Task description:
Exactly the lines from the one containing "Apartment Domus Con Parking Gratuito Granada" through the end of the data, and nothing more, should be retyped; pictures stay out.

Material to process:
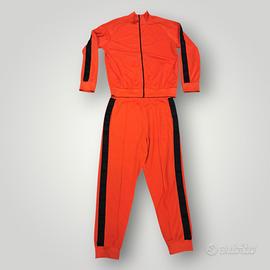 tuta completa Diego Rodriguez uomo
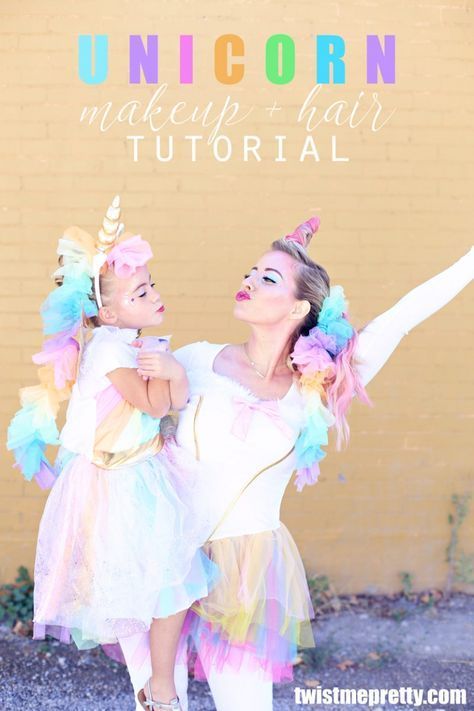 Princess Unicorn Costume, Mens Unicorn Costume, Mom And Daughter Unicorn Costume, Unicorn Dress Up, Adult Unicorn Costume Diy, Unicorn Costume Womens, Unicorn Costume Makeup, Adult Unicorn Costume, Unicorn Costume Women's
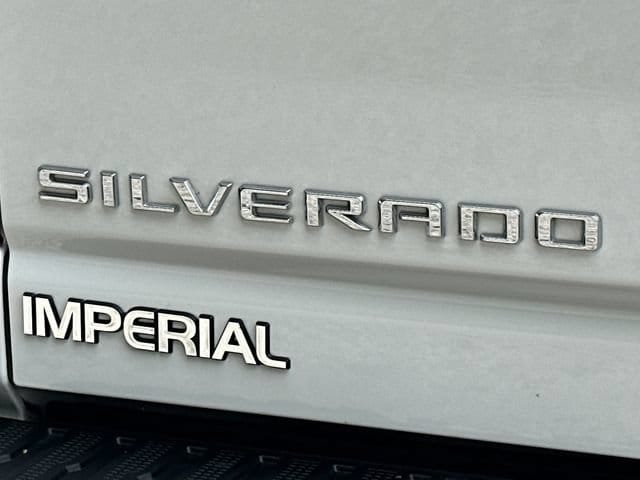2026 Chevrolet Silverado 2500HD LT - Photo 14
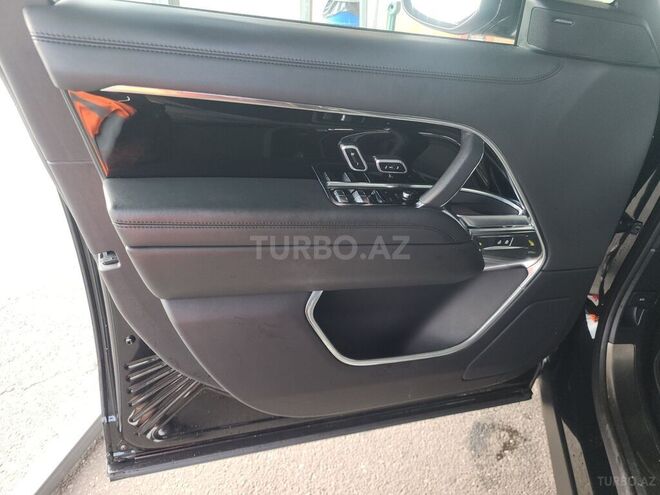 Land Rover Range Rover 2023, 57,737 km - 3.0 l - Bakı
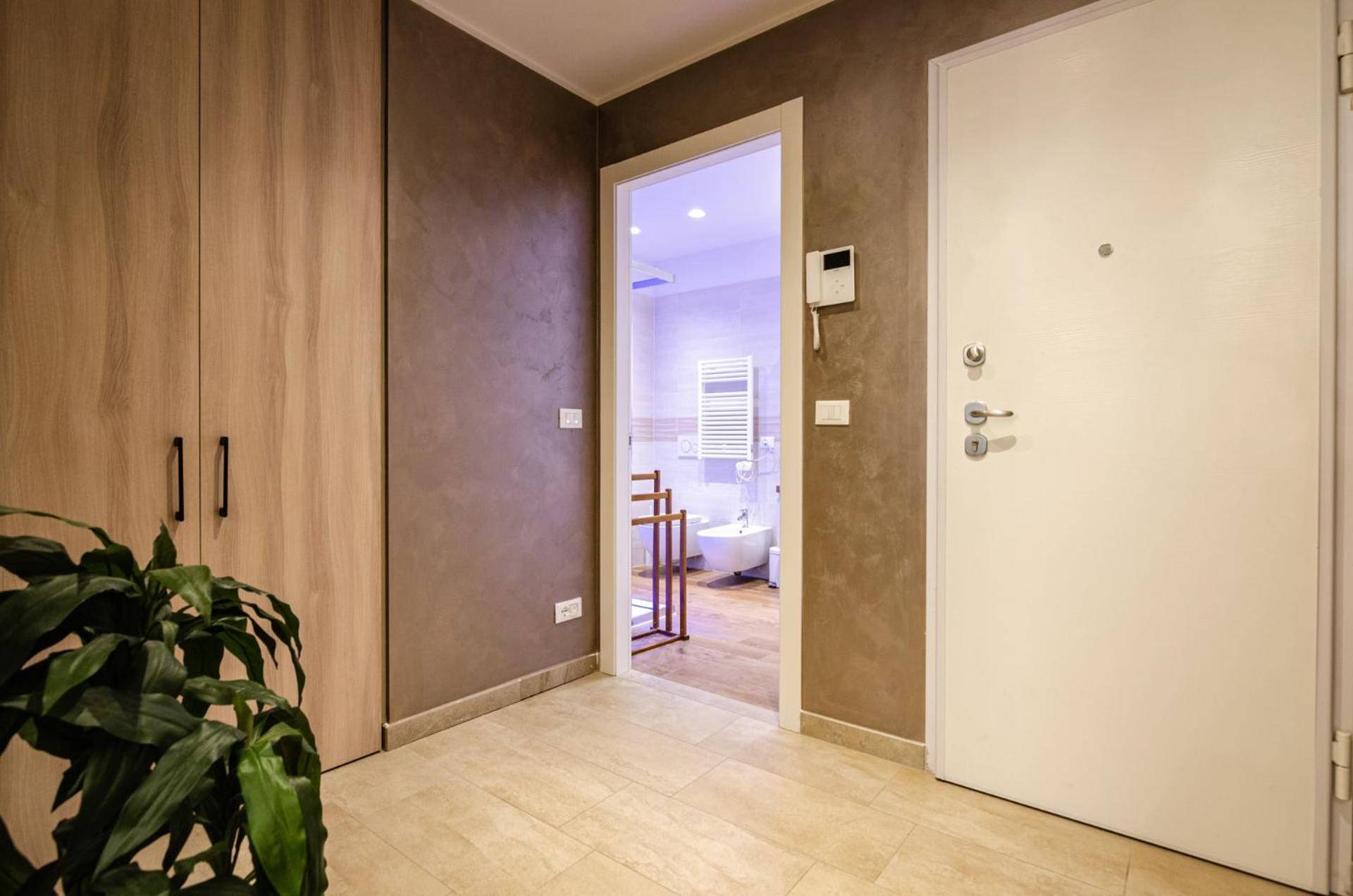 Goito Luxury Apartment, In The Historical Center Bologna Eksteriør billede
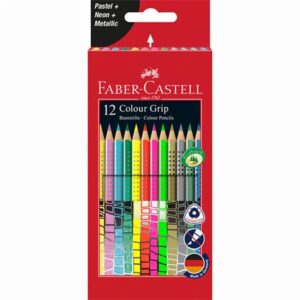 FABER-CASTELL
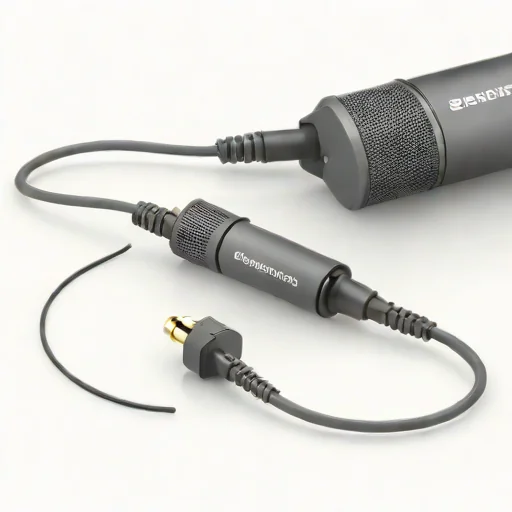 Sennheiser ME 104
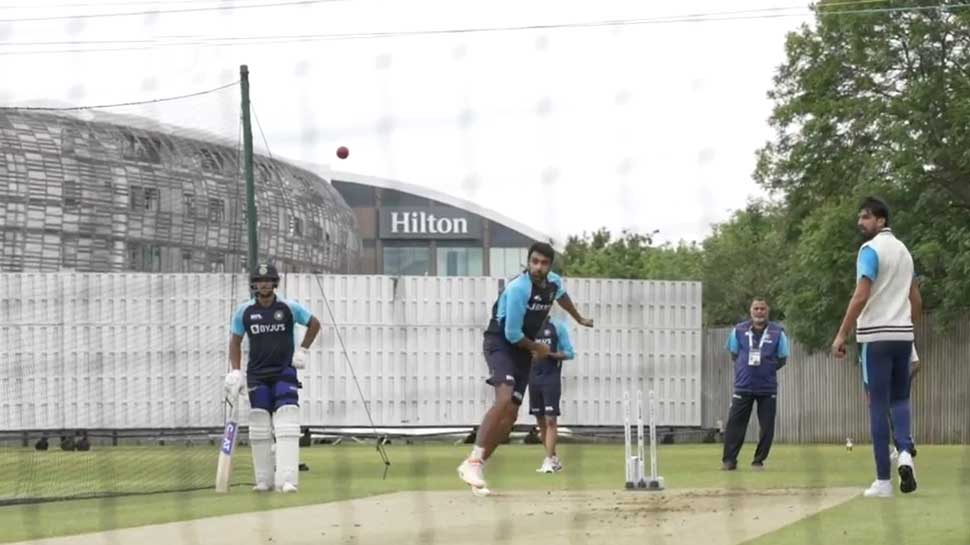 'World Cup Final की तरह खेलेंगे ICC WTC Final', Team India के गेंदबाजों ने बनाया तगड़ा प्लान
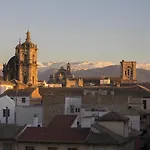 Apartment Domus Con Parking Gratuito Granada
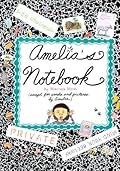 Amelia's Notebook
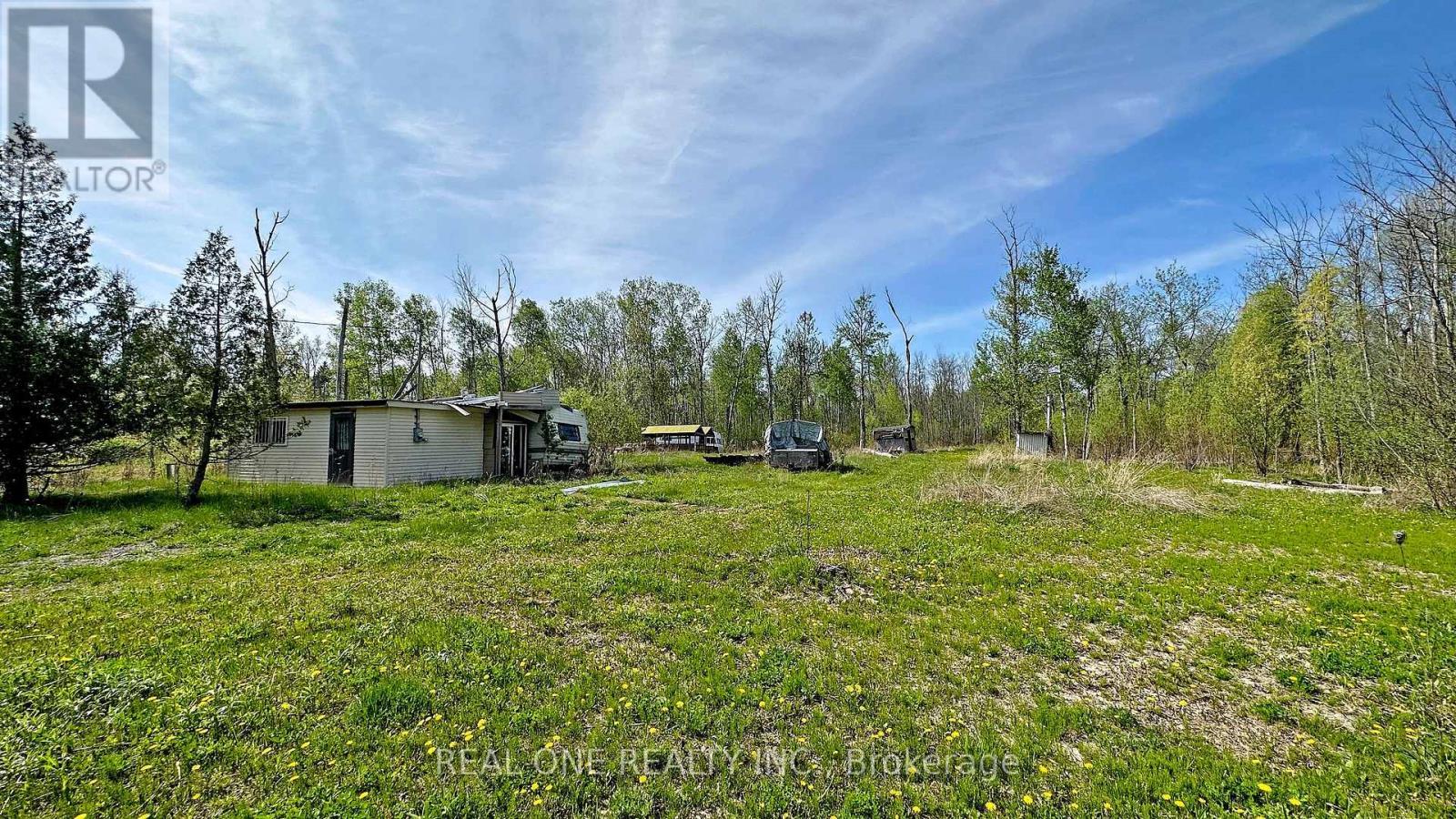 4778 Holborn Road, East Gwillimbury, ON - Outdoor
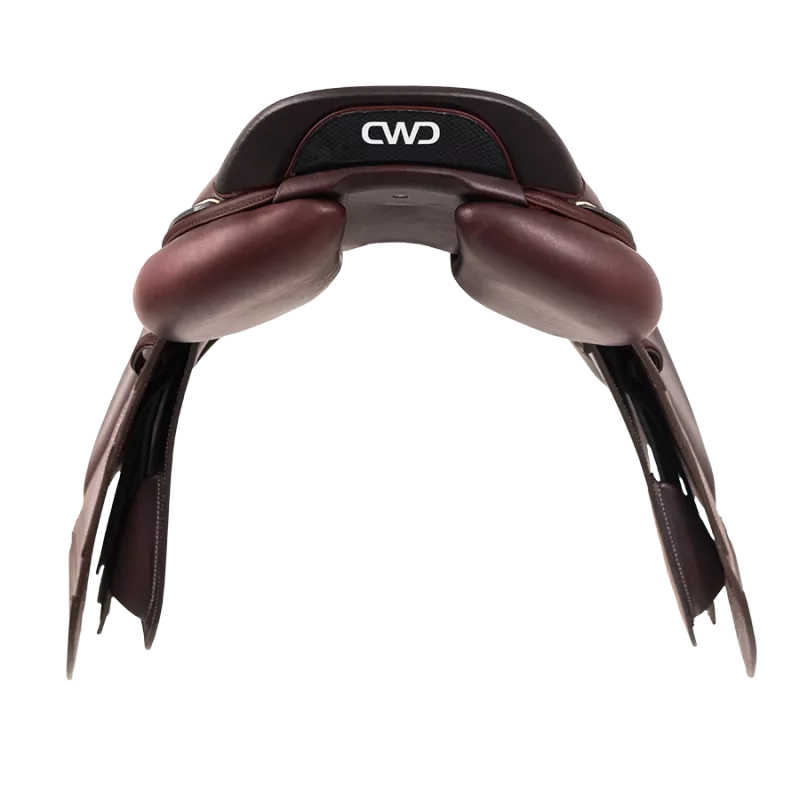 CWD 2Gs Mademoiselle Segli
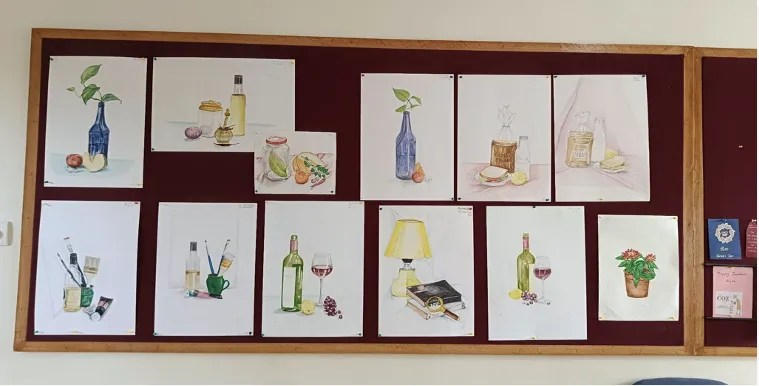 Art exhibition 6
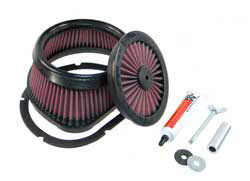 MX XStream-Top Replacement Air Filter for Honda CRF450R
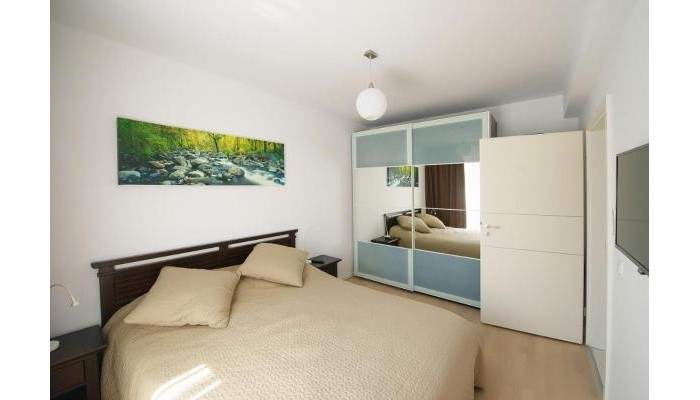 Hotel Apartamente Olivero poza 10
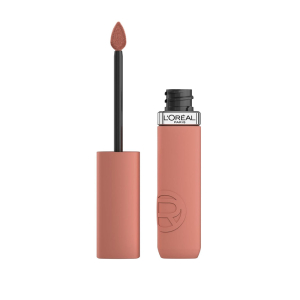 LOREAL LIPSTICK INFALLIBLE MAT RESIST 601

Answer box:
 Apartment Domus Con Parking Gratuito Granada
 Amelia's Notebook
 4778 Holborn Road, East Gwillimbury, ON - Outdoor
 CWD 2Gs Mademoiselle Segli
 Art exhibition 6
 MX XStream-Top Replacement Air Filter for Honda CRF450R
 Hotel Apartamente Olivero poza 10
 LOREAL LIPSTICK INFALLIBLE MAT RESIST 601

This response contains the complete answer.